Sanık avukatları, Şirin’in bıçak çektiğini iddia etti. Dayanak olarak üç zabıtanın olay günü hazırladığı tutanağı gösterdi. Tutanağa göre “Şirin bıçak çekip bir zabıtanın üzerine atlamış, ikisi beraber yere düşmüştü.

Bıçağı alınan Şirin, kendini yerden yere atarak kendine zarar vermeye çalışmış, ardından, böbreklerinden rahatsız olduğunu söylemiş, zabıtaların “Hastaneye götürebiliriz” önerisini geri çevirip eve gitmişti. Zabıtalar 26 balon ve bir bıçağa el koymuştu.” Fakat bu bıçak dava boyunca mahkemeye sunulmadı.

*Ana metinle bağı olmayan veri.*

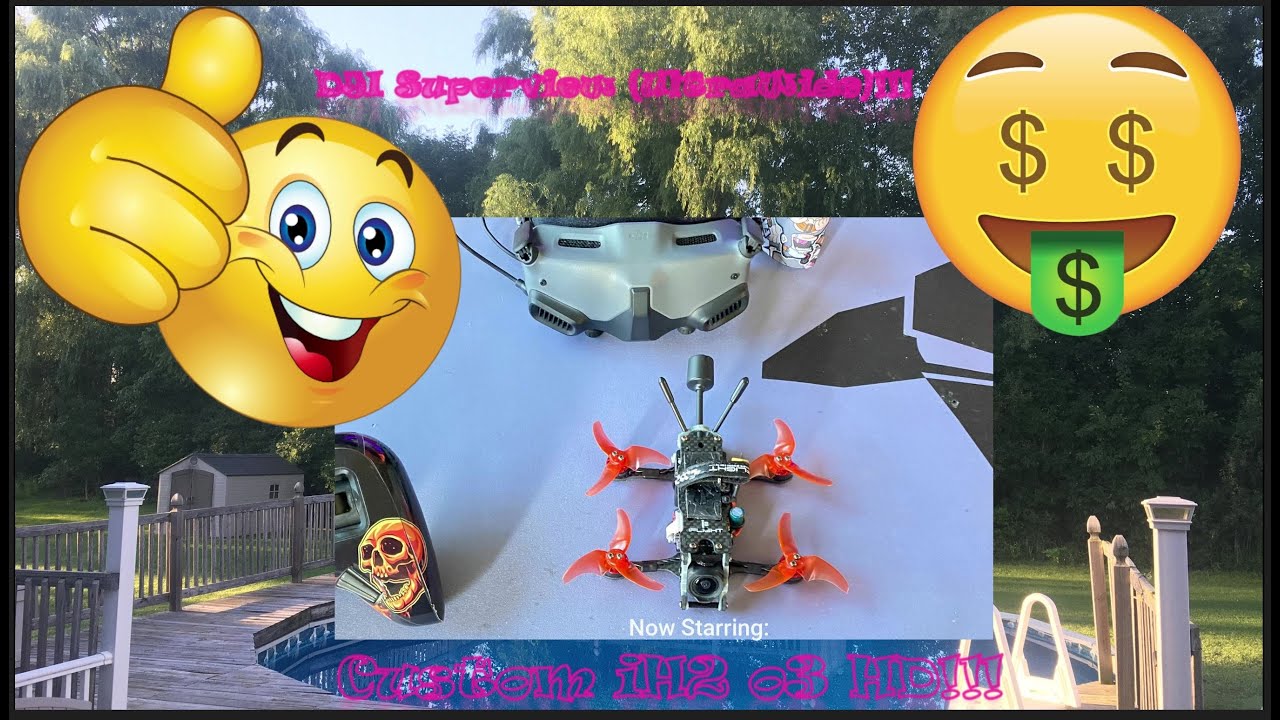 Custom iFlight iH2 o3 HD (DJI Superview - Ultra Wide!) No Lens Protection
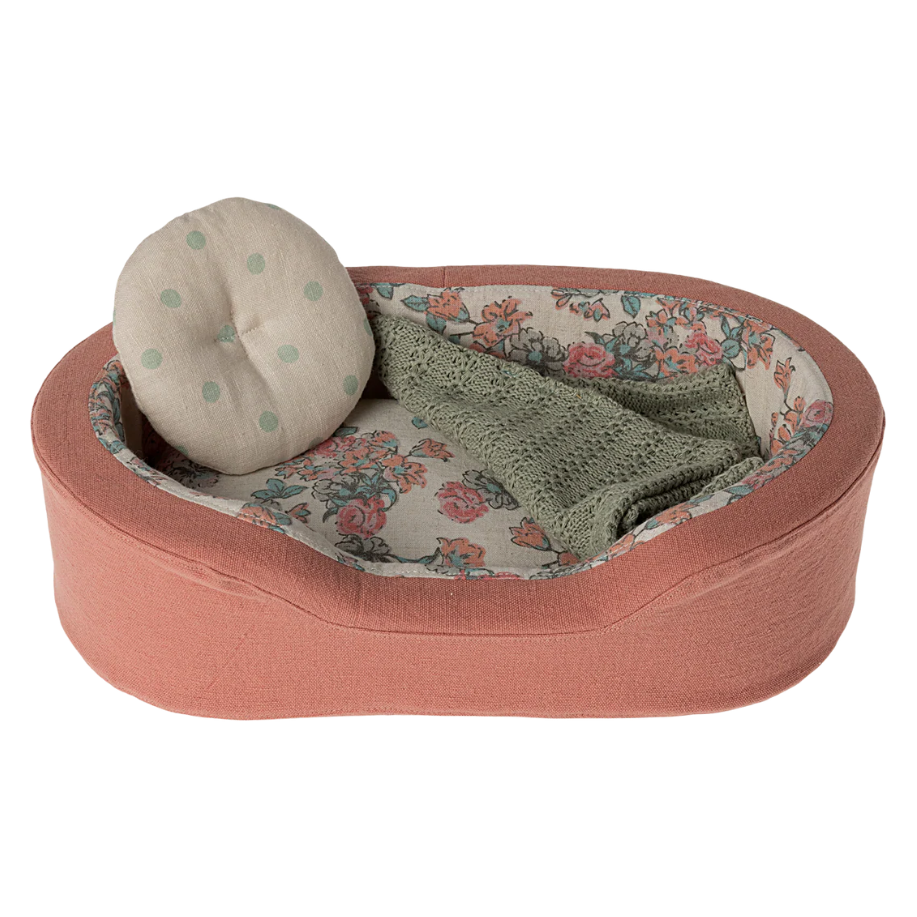 Maileg Cosy kurv, Lille - Koral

Avukatlar ayrıca Şirin’in böbreklerinde 1976’ten beri taş bulunduğunu belirtip “Böbrek hasarlı ve en ufak darbede yaralanacak durumdadır. Zabıta bıçaklı saldırıyı def etmek için müdahili yere düşürmüş ve böbrek bu esnada yaralanmıştır” dedi. Avukatlara göre dalak da ameliyatta zarar görmüştü. Yani suçlu, doktorlardı. Ancak depo bekçisi Atilla Yazoğlu, olay günü zabıtaların sivil bir şahsı getirip darp ettiklerini gördüğünü söyledi. Üç zabıta içinişkence suçundan hapis cezasına hükmeden mahkeme ayrıca zabıta tutanağıyla ilgili ‘evrakta sahtecilik’ten suç duyusunda bulundu.

İstanbul Anadolu 1. Ağır Ceza Mahkemesi, 26 Şubat 2013’teki son duruşmada oyçokluğuyla aldığı kararda, TCK’nın işkence suçunu düzenleyen 94. maddesine göre 12’şer yıl hapis cezasına hükmetti. Zabıtaların duruşmalardaki iyi halleri nedeniyle ceza 10’ar yıla düşürüldü. Beş yıl süreyle memuriyetten men cezası verildi. Dayaktan sonra düzenlenen “Bize bıçak çekti” denilen tutanakla ilgili olarak, ‘resmi belgede sahtecilik’ten de suç duyurusunda bulunuldu.

Dosya daha sonra Yargıtay’a gönderildi. Yargıtay Cumhuriyet Başsavcısı kararın onanmasını istedi. Ancak Yargıtay 8. Dairesi, 11 Mart 2014’te, olayın tartışma ile başlayan kavga olduğunu belirterek sanıkların “yaralama” suçunu işlediği ve verilen cezaların üç yıldan altı yıla kadar hapis cezası olarak düşürülmesini talep ederek, kararı bozdu. Dava devam ediyor.